### The data
[Start of section]
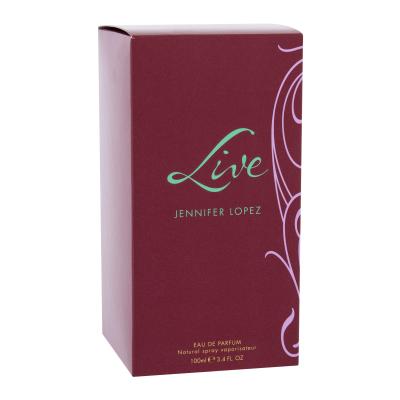 Jennifer Lopez Live Eau de Parfum donna 100 ml
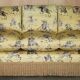 Canapé Peter Dudgeon Fitzwilliam Chinoiserie style upholstery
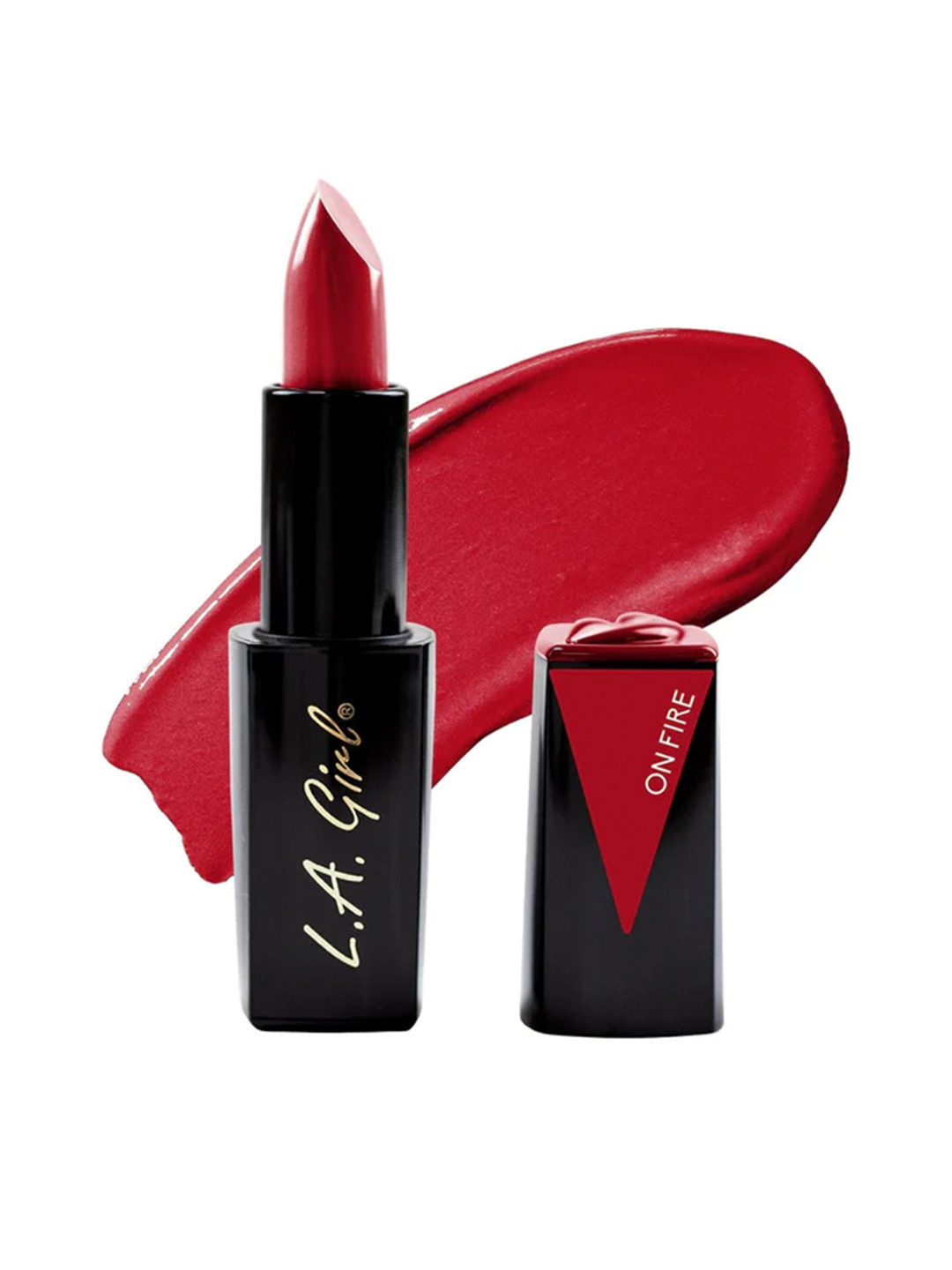 L.A Girl Lip Attraction Lipstick with Vitamin E 3.2 g - Onfire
[End of section]
### Task details
All lines of the listing must be given again exactly, excluding the pictures.

### Solution to this exercise
 Jennifer Lopez Live Eau de Parfum donna 100 ml
 Canapé Peter Dudgeon Fitzwilliam Chinoiserie style upholstery
 L.A Girl Lip Attraction Lipstick with Vitamin E 3.2 g - Onfire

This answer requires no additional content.